Other than that, you (once again) did a great job, and I thoroughly enjoyed this!
Author's Response: Thanks so much for reviewing and no- I definitely don't see you as a lame reviewer. Not at all. You're very good at balancing out a review and giving the necessary critique, something that I appreciate.
I hope that having a distinctive writing style is a good thing. I definitely do enjoy exploring the personalities of minor characters because there's so much more that's unknown about them. With them it's truly up to you to decide how they ended up like they did- there are no expectations.
I'm glad that you liked my description- it didn't make sense in my opinion that Regulus would remember her face because to me, Regulus would be trying to avoid looking at her. I'm also pleased that you liked my characterization of Regulus- I don't know if I ever consciously made the decision not to make him a "good guy". I think that, as I was writing, I thought of explanations for his behaviour that, for me, fit better with his past and I liked my reasoning.
I can definitely see what you mean about the colour green but, if I can remember correctly, I believe that what I was trying to get at the fact (I don't know how to phrase this properly) that Regulus was aware that there were "different types" of mudbloods and muggles, such as the mudbloods who try their best to fit into the Wizarding world, those who try to change it and that there are muggles who are intelligent and refined in their own way, and didn't care.
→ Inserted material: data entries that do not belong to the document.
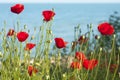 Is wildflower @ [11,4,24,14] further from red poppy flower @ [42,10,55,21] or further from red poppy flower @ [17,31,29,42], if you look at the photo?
red poppy flower @ [17,31,29,42]

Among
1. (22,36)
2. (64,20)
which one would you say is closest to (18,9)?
(22,36)

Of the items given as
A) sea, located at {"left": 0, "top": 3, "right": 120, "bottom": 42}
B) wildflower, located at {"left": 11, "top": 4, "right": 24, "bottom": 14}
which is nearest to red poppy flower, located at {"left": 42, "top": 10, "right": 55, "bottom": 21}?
sea, located at {"left": 0, "top": 3, "right": 120, "bottom": 42}

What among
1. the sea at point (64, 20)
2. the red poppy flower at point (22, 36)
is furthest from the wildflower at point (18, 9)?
the red poppy flower at point (22, 36)

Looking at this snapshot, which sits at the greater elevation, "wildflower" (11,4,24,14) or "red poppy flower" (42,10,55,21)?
"wildflower" (11,4,24,14)

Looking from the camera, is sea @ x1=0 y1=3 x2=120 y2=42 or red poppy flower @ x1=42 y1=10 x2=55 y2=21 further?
sea @ x1=0 y1=3 x2=120 y2=42

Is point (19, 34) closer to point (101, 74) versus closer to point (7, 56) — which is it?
point (7, 56)

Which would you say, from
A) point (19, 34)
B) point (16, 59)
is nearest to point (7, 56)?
point (16, 59)

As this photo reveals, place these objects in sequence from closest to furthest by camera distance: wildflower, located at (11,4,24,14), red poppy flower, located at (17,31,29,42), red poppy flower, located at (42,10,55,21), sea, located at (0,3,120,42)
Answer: red poppy flower, located at (17,31,29,42), red poppy flower, located at (42,10,55,21), wildflower, located at (11,4,24,14), sea, located at (0,3,120,42)

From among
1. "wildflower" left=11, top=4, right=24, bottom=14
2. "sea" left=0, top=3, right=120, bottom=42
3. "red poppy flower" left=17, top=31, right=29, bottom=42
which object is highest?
"wildflower" left=11, top=4, right=24, bottom=14

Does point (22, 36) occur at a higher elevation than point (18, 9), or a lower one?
lower

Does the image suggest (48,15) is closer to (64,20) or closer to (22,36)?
(22,36)

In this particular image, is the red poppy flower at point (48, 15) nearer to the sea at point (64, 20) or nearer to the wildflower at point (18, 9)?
the sea at point (64, 20)

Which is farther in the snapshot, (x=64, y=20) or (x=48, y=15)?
(x=64, y=20)

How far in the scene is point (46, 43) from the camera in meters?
4.22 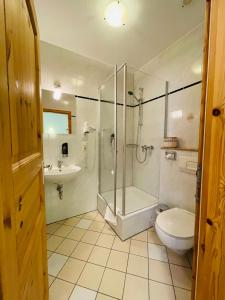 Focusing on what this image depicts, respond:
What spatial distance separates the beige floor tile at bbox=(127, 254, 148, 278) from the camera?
51.6 inches

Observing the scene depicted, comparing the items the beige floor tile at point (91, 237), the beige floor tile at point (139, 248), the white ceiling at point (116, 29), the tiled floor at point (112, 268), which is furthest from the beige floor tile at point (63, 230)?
the white ceiling at point (116, 29)

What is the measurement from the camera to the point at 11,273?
39 cm

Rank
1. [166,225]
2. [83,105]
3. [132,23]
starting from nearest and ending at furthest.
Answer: [166,225], [132,23], [83,105]

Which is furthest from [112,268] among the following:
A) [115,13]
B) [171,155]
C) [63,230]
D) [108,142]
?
[115,13]

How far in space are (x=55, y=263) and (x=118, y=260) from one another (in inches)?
25.0

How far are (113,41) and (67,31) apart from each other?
558 millimetres

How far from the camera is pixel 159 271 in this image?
1328mm

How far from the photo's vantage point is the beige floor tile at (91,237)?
1720 millimetres

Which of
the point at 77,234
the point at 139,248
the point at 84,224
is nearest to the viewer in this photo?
the point at 139,248

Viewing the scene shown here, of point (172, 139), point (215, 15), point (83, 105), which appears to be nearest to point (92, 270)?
point (172, 139)

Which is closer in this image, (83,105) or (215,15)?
(215,15)

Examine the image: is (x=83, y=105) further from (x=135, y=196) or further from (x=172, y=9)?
(x=135, y=196)

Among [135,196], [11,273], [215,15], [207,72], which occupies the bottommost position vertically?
[135,196]

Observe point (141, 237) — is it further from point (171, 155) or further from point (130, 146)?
point (130, 146) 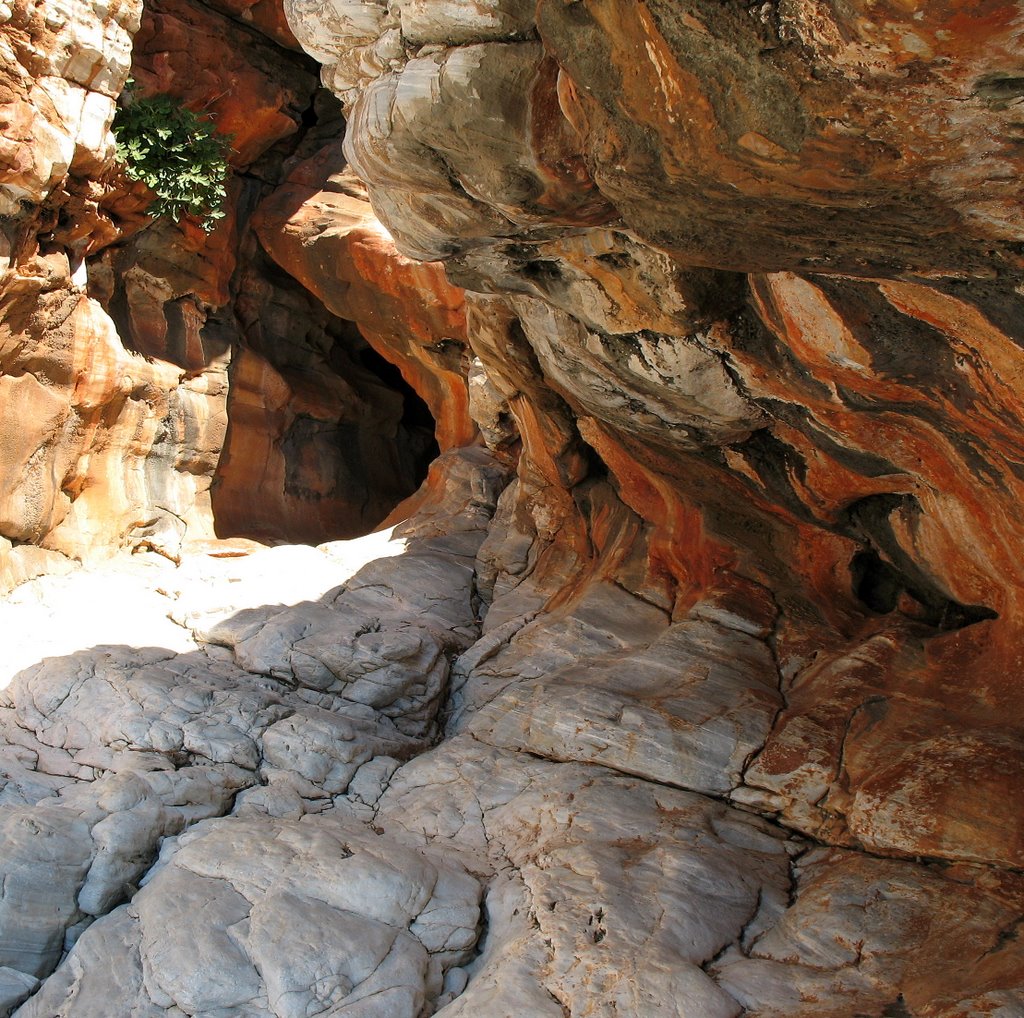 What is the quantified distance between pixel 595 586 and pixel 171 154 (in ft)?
21.3

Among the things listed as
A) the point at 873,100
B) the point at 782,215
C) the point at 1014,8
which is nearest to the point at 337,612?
the point at 782,215

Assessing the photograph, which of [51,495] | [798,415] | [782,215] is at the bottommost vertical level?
[51,495]

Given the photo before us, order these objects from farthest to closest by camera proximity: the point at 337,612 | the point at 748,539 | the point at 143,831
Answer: the point at 337,612 → the point at 748,539 → the point at 143,831

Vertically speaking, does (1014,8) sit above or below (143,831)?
above

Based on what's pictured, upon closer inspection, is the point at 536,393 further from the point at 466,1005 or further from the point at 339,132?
the point at 339,132

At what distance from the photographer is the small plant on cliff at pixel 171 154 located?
10047 mm

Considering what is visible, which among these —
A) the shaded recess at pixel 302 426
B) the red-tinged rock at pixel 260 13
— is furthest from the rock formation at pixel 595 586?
the red-tinged rock at pixel 260 13

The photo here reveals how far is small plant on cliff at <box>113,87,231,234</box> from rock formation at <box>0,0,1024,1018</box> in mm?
375

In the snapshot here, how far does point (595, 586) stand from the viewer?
852 cm

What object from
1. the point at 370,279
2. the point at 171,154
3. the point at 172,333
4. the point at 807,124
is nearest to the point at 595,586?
the point at 370,279

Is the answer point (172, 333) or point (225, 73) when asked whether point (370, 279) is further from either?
point (225, 73)

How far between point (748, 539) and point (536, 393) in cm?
213

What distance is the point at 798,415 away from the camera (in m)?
5.88

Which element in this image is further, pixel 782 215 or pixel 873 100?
pixel 782 215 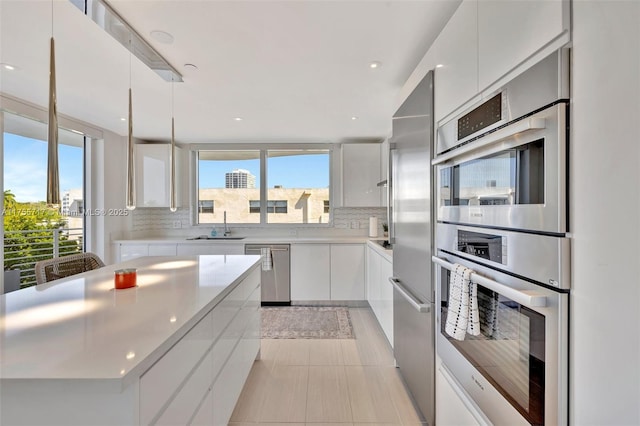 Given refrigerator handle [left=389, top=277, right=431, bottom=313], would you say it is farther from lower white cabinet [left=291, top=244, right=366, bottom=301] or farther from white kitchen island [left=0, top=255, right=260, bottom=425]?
lower white cabinet [left=291, top=244, right=366, bottom=301]

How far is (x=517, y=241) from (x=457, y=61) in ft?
2.87

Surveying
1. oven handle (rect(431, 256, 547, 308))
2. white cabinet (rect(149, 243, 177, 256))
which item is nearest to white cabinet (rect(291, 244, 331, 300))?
white cabinet (rect(149, 243, 177, 256))

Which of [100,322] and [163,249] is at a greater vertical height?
[100,322]

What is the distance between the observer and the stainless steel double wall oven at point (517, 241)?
818 mm

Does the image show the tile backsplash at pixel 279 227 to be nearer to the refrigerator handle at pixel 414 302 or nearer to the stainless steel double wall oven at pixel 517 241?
the refrigerator handle at pixel 414 302

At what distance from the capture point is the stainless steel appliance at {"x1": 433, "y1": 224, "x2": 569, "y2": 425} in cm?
83

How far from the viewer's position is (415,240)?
1.84 meters

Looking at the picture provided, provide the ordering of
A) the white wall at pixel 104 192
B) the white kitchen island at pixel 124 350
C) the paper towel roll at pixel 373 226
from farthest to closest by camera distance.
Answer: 1. the paper towel roll at pixel 373 226
2. the white wall at pixel 104 192
3. the white kitchen island at pixel 124 350

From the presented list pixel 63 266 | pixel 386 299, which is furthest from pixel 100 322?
pixel 386 299

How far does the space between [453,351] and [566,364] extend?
25.0 inches

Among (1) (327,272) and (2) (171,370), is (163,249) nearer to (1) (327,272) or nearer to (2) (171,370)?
(1) (327,272)

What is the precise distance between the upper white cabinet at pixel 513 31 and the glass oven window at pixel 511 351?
794 millimetres

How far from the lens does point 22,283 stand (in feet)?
9.59

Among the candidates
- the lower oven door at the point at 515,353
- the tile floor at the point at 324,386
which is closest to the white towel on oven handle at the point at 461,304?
the lower oven door at the point at 515,353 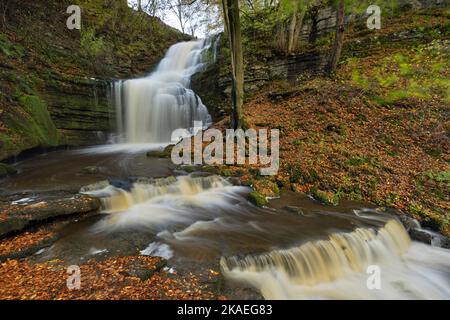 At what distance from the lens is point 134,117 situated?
13695 mm

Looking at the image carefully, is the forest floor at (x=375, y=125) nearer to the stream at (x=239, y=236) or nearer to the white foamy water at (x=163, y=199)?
the stream at (x=239, y=236)

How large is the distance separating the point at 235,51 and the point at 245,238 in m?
6.46

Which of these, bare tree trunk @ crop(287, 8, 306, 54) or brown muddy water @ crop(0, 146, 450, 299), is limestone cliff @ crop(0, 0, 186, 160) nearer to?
brown muddy water @ crop(0, 146, 450, 299)

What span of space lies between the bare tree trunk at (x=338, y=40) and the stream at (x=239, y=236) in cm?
806

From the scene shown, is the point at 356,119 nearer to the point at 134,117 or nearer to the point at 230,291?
the point at 230,291

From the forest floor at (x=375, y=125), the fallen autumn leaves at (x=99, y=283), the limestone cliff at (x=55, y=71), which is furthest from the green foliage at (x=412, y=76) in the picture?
the fallen autumn leaves at (x=99, y=283)

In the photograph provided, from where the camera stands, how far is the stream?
390 centimetres

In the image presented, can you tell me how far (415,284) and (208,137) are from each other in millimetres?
7519

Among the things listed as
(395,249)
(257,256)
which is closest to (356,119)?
(395,249)

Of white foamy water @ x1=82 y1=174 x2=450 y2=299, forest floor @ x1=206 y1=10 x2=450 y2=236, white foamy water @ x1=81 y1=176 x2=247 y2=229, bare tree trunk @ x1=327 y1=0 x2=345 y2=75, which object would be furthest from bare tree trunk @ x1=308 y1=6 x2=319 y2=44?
white foamy water @ x1=82 y1=174 x2=450 y2=299

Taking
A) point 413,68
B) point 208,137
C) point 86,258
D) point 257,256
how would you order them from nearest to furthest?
point 86,258 < point 257,256 < point 208,137 < point 413,68

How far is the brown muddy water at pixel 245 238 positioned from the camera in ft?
12.8

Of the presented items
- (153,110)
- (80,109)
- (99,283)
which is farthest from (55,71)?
(99,283)

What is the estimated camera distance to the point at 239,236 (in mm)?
4730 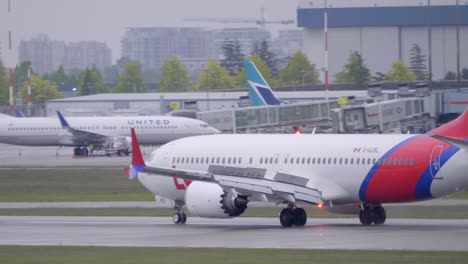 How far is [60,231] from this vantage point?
119 feet

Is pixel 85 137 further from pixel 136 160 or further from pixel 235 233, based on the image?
pixel 235 233

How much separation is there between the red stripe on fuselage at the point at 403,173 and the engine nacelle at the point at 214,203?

However, I think that I should go back and expand on that thought so that no one else will be confused by it.
Hmmm... I see what you mean about those lines. I think that I was trying to show that he is defensive of his beliefs because Sirius had left him and he was trying to justify himself, the younger, "inadequate" son.
Thanks once again for the review- I will definitely be taking your comments into consideration when I edit this story!